Loss Functions for Audio Generation

Loss design determines what a model improves during training, so it directly shapes musical realism, stability, and controllability.

Reconstruction Losses

Given predicted spectrogram $S_{\text{pred}}$ and target $S_{\text{target}}$ :

\mathcal{L}_{\text{L1}}=\frac{1}{TF}\sum_{t=1}^{T}\sum_{f=1}^{F}|S_{\text{pred}}(t,f)-S_{\text{target}}(t,f)|

\mathcal{L}_{\text{L2}}=\frac{1}{TF}\sum_{t=1}^{T}\sum_{f=1}^{F}(S_{\text{pred}}(t,f)-S_{\text{target}}(t,f))^2

L1 often preserves transients better; L2 heavily penalizes large errors.

For generator $G$ and discriminator $D$ :

\mathcal{L}_{\text{adv}}=\mathbb{E}[\log D(x_{\text{real}})]+\mathbb{E}[\log(1-D(G(z)))]

In audio, multi-period and multi-scale discriminators help capture both micro-timbre and long-range rhythmic structure.
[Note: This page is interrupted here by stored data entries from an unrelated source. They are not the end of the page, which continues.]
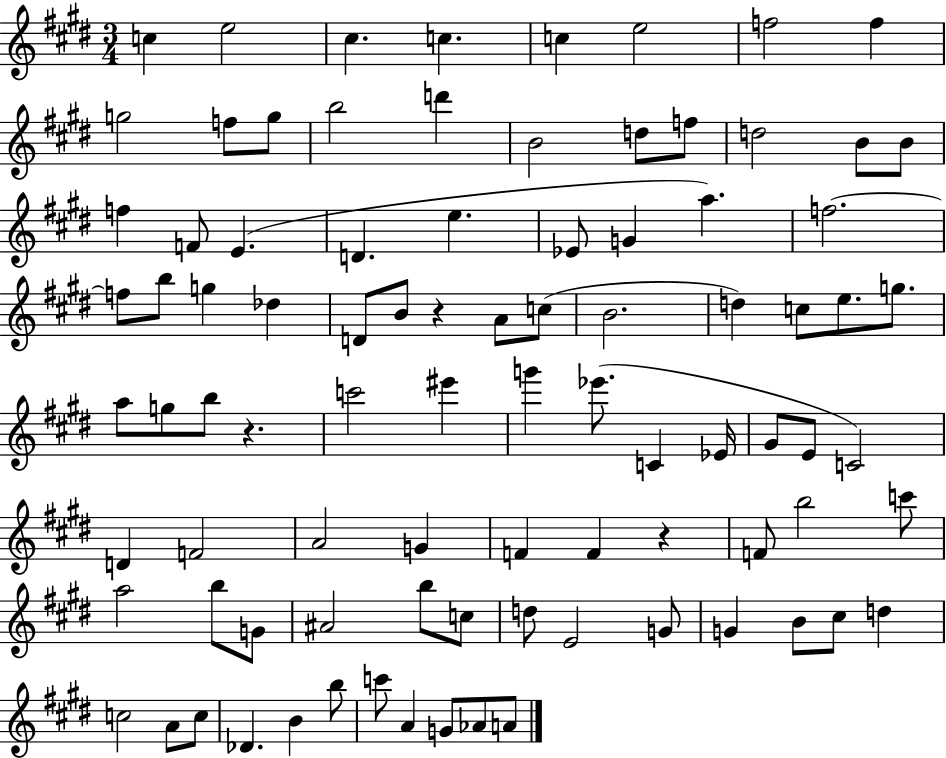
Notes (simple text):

C5/q E5/h C#5/q. C5/q. C5/q E5/h F5/h F5/q G5/h F5/e G5/e B5/h D6/q B4/h D5/e F5/e D5/h B4/e B4/e F5/q F4/e E4/q. D4/q. E5/q. Eb4/e G4/q A5/q. F5/h. F5/e B5/e G5/q Db5/q D4/e B4/e R/q A4/e C5/e B4/h. D5/q C5/e E5/e. G5/e. A5/e G5/e B5/e R/q. C6/h EIS6/q G6/q Eb6/e. C4/q Eb4/s G#4/e E4/e C4/h D4/q F4/h A4/h G4/q F4/q F4/q R/q F4/e B5/h C6/e A5/h B5/e G4/e A#4/h B5/e C5/e D5/e E4/h G4/e G4/q B4/e C#5/e D5/q C5/h A4/e C5/e Db4/q. B4/q B5/e C6/e A4/q G4/e Ab4/e A4/e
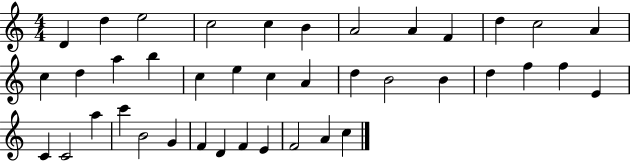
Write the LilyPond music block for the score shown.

{
  \clef treble
  \numericTimeSignature
  \time 4/4
  \key c \major
  d'4 d''4 e''2 | c''2 c''4 b'4 | a'2 a'4 f'4 | d''4 c''2 a'4 | \break c''4 d''4 a''4 b''4 | c''4 e''4 c''4 a'4 | d''4 b'2 b'4 | d''4 f''4 f''4 e'4 | \break c'4 c'2 a''4 | c'''4 b'2 g'4 | f'4 d'4 f'4 e'4 | f'2 a'4 c''4 | \break \bar "|."
}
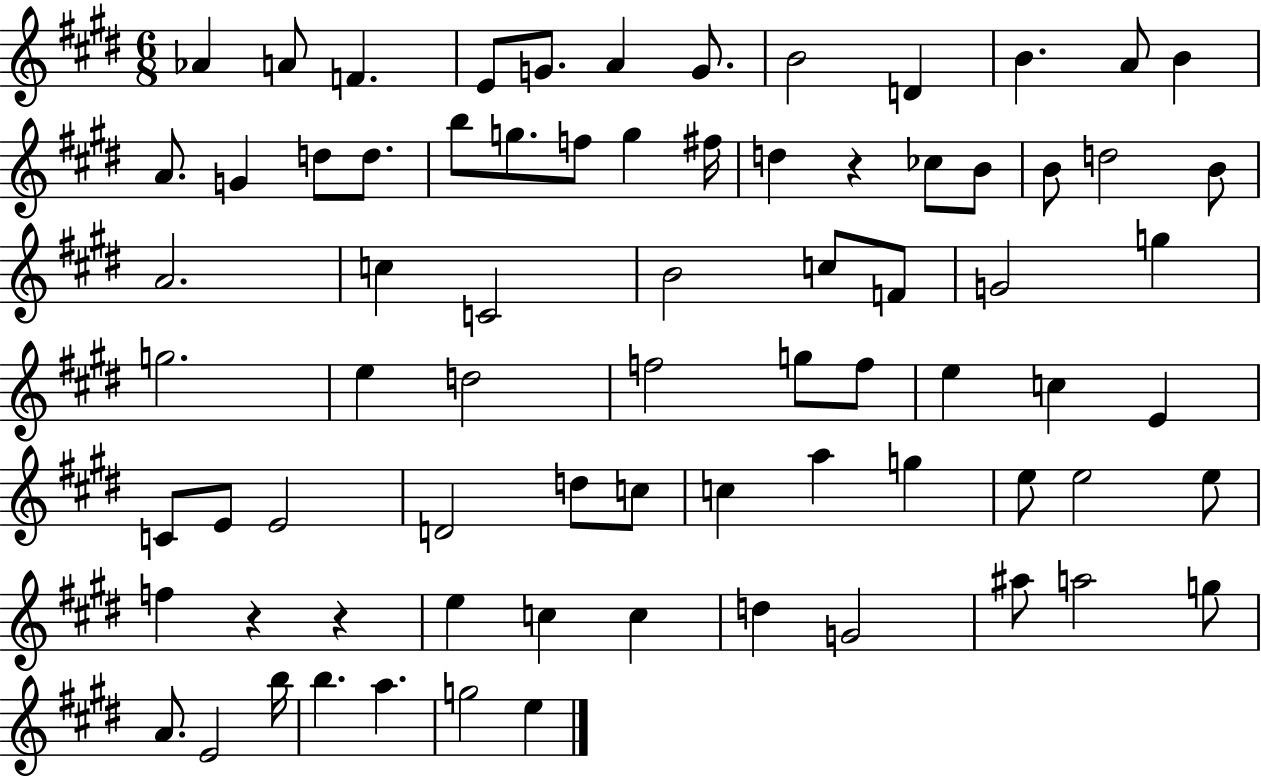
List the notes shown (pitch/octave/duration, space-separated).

Ab4/q A4/e F4/q. E4/e G4/e. A4/q G4/e. B4/h D4/q B4/q. A4/e B4/q A4/e. G4/q D5/e D5/e. B5/e G5/e. F5/e G5/q F#5/s D5/q R/q CES5/e B4/e B4/e D5/h B4/e A4/h. C5/q C4/h B4/h C5/e F4/e G4/h G5/q G5/h. E5/q D5/h F5/h G5/e F5/e E5/q C5/q E4/q C4/e E4/e E4/h D4/h D5/e C5/e C5/q A5/q G5/q E5/e E5/h E5/e F5/q R/q R/q E5/q C5/q C5/q D5/q G4/h A#5/e A5/h G5/e A4/e. E4/h B5/s B5/q. A5/q. G5/h E5/q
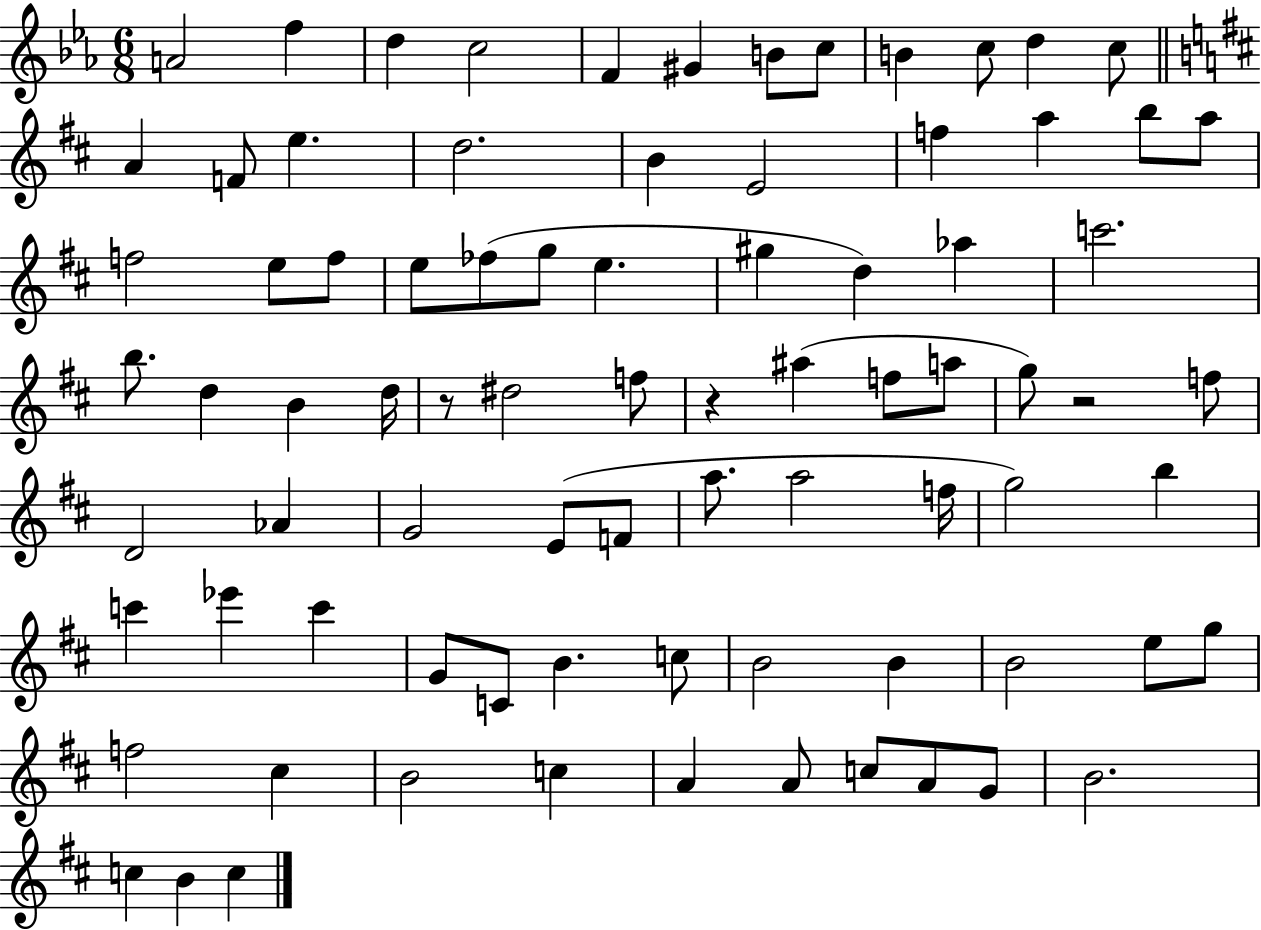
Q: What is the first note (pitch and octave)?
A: A4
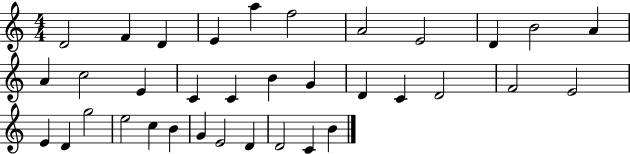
X:1
T:Untitled
M:4/4
L:1/4
K:C
D2 F D E a f2 A2 E2 D B2 A A c2 E C C B G D C D2 F2 E2 E D g2 e2 c B G E2 D D2 C B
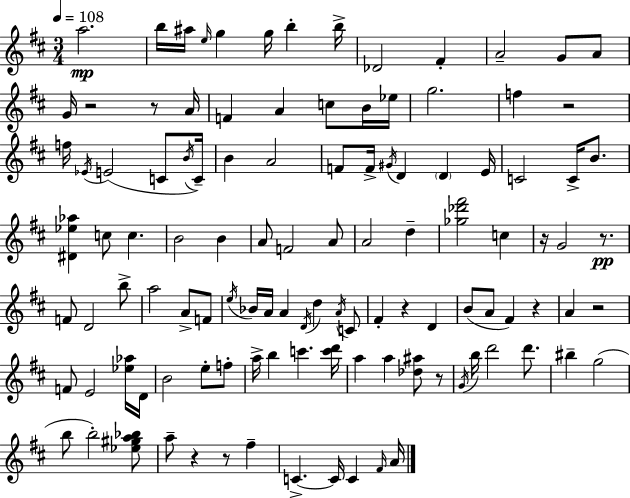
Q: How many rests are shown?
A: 11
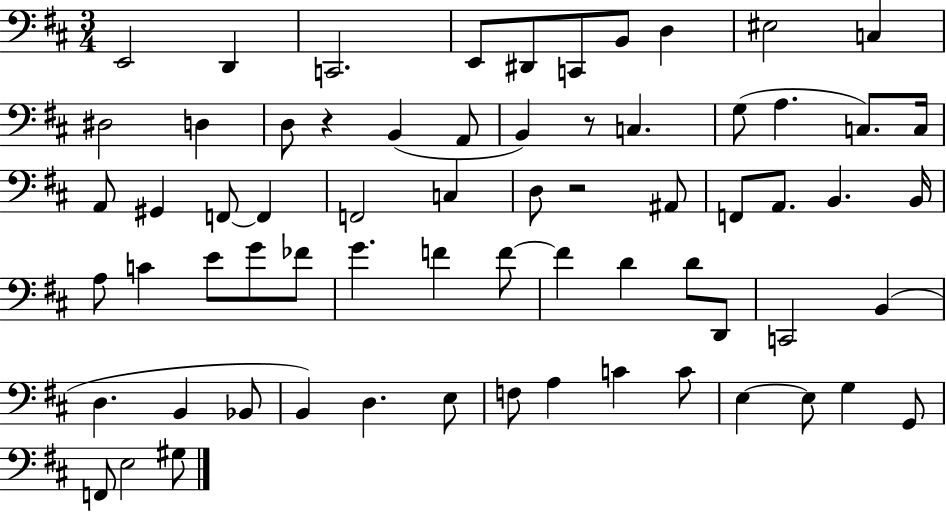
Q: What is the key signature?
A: D major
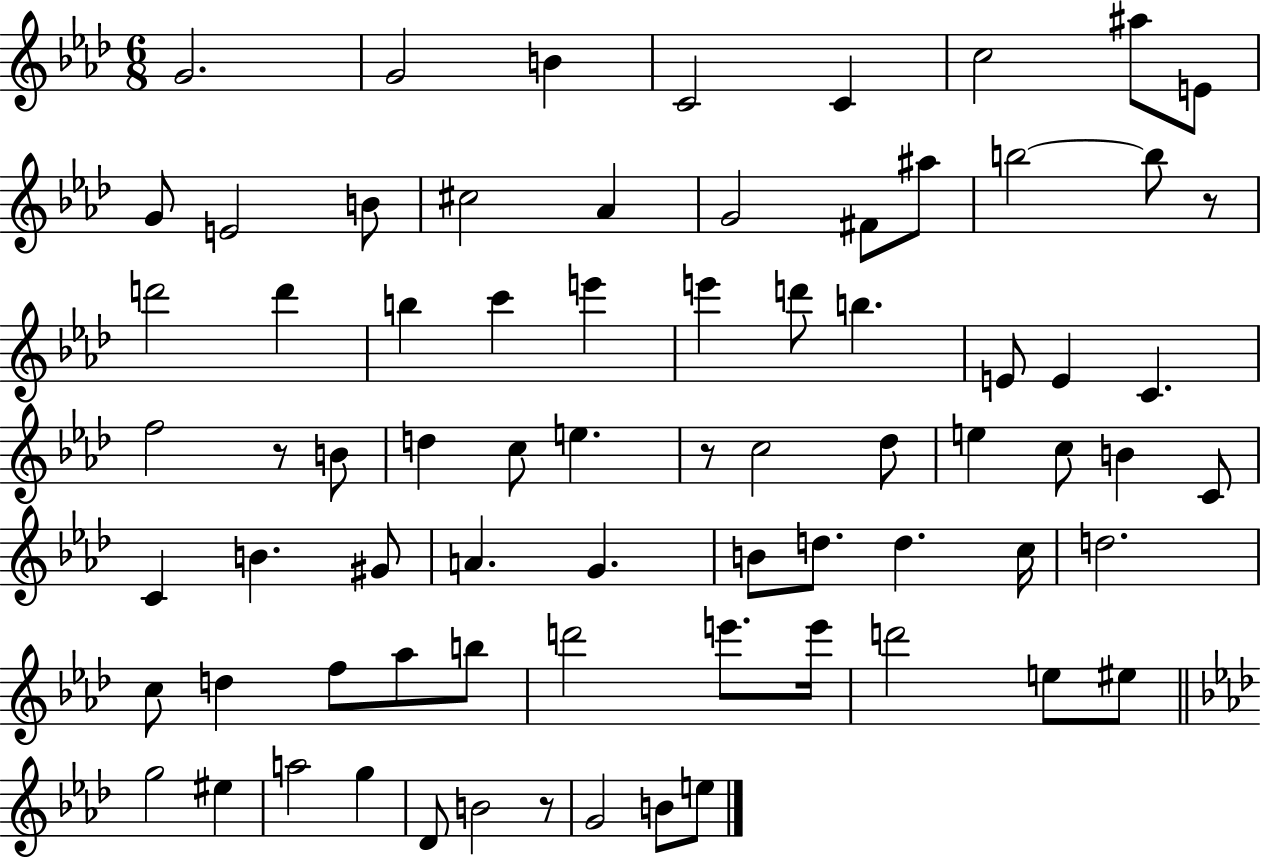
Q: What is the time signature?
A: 6/8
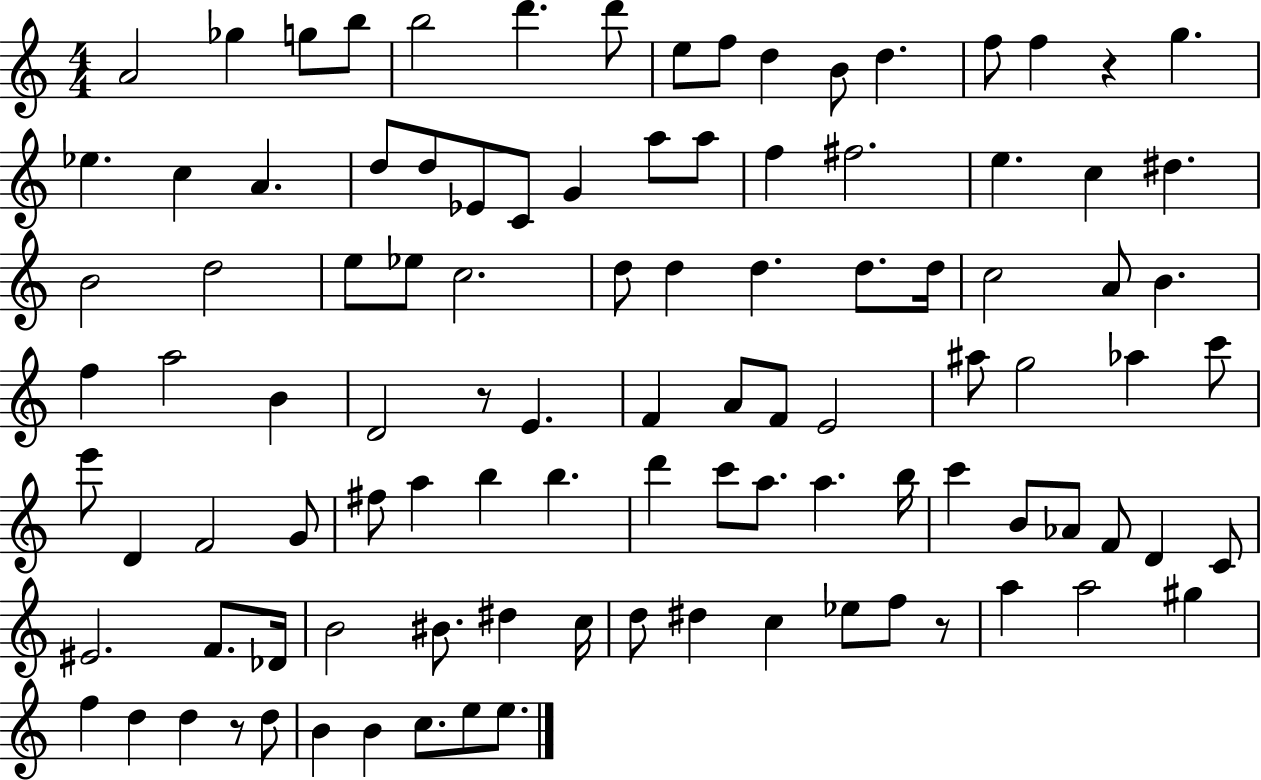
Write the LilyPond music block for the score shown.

{
  \clef treble
  \numericTimeSignature
  \time 4/4
  \key c \major
  \repeat volta 2 { a'2 ges''4 g''8 b''8 | b''2 d'''4. d'''8 | e''8 f''8 d''4 b'8 d''4. | f''8 f''4 r4 g''4. | \break ees''4. c''4 a'4. | d''8 d''8 ees'8 c'8 g'4 a''8 a''8 | f''4 fis''2. | e''4. c''4 dis''4. | \break b'2 d''2 | e''8 ees''8 c''2. | d''8 d''4 d''4. d''8. d''16 | c''2 a'8 b'4. | \break f''4 a''2 b'4 | d'2 r8 e'4. | f'4 a'8 f'8 e'2 | ais''8 g''2 aes''4 c'''8 | \break e'''8 d'4 f'2 g'8 | fis''8 a''4 b''4 b''4. | d'''4 c'''8 a''8. a''4. b''16 | c'''4 b'8 aes'8 f'8 d'4 c'8 | \break eis'2. f'8. des'16 | b'2 bis'8. dis''4 c''16 | d''8 dis''4 c''4 ees''8 f''8 r8 | a''4 a''2 gis''4 | \break f''4 d''4 d''4 r8 d''8 | b'4 b'4 c''8. e''8 e''8. | } \bar "|."
}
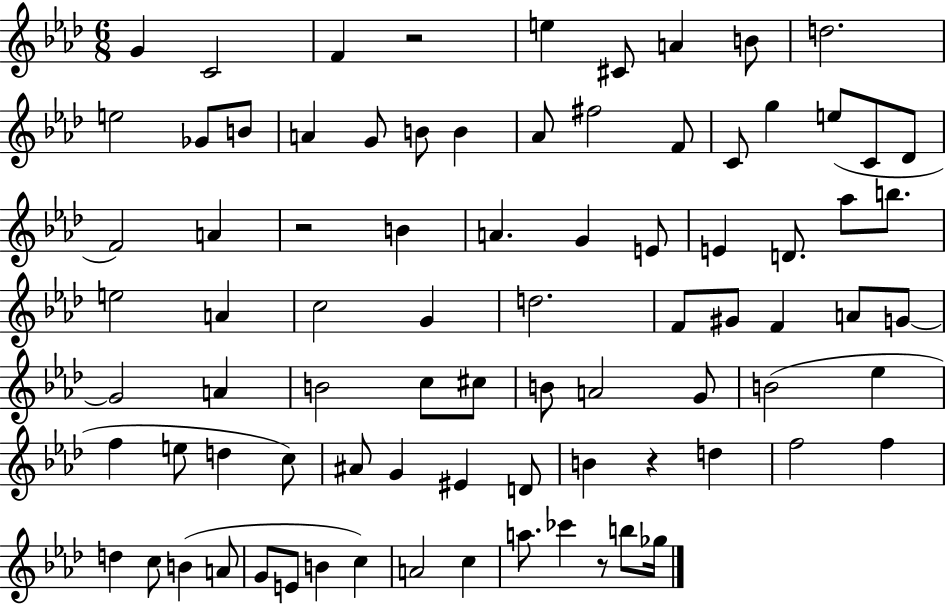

\mathcal{L}_{\text{perc}}=\sum_{l=1}^{L}\lambda_l\|\phi_l(S_{\text{pred}})-\phi_l(S_{\text{target}})\|_2^2

Feature matching reduces metallic artifacts and improves subjective quality compared with pure reconstruction loss.

\mathcal{L}_{\text{diff}}=\mathbb{E}_{t,x_0,\epsilon}[\|\epsilon-\epsilon_\theta(x_t,t)\|^2]

with

x_t=\sqrt{\bar{\alpha}_t}x_0+\sqrt{1-\bar{\alpha}_t}\epsilon

This trains the denoiser to recover clean signal structure from different noise levels.

D_{\text{KL}}(q_\phi(\mathbf{z}|x)\|p(\mathbf{z}))=\frac{1}{2}\sum_{i=1}^{d}(\sigma_i^2+\mu_i^2-1-\log\sigma_i^2)

KL terms prevent latent collapse and support stable sampling at inference time.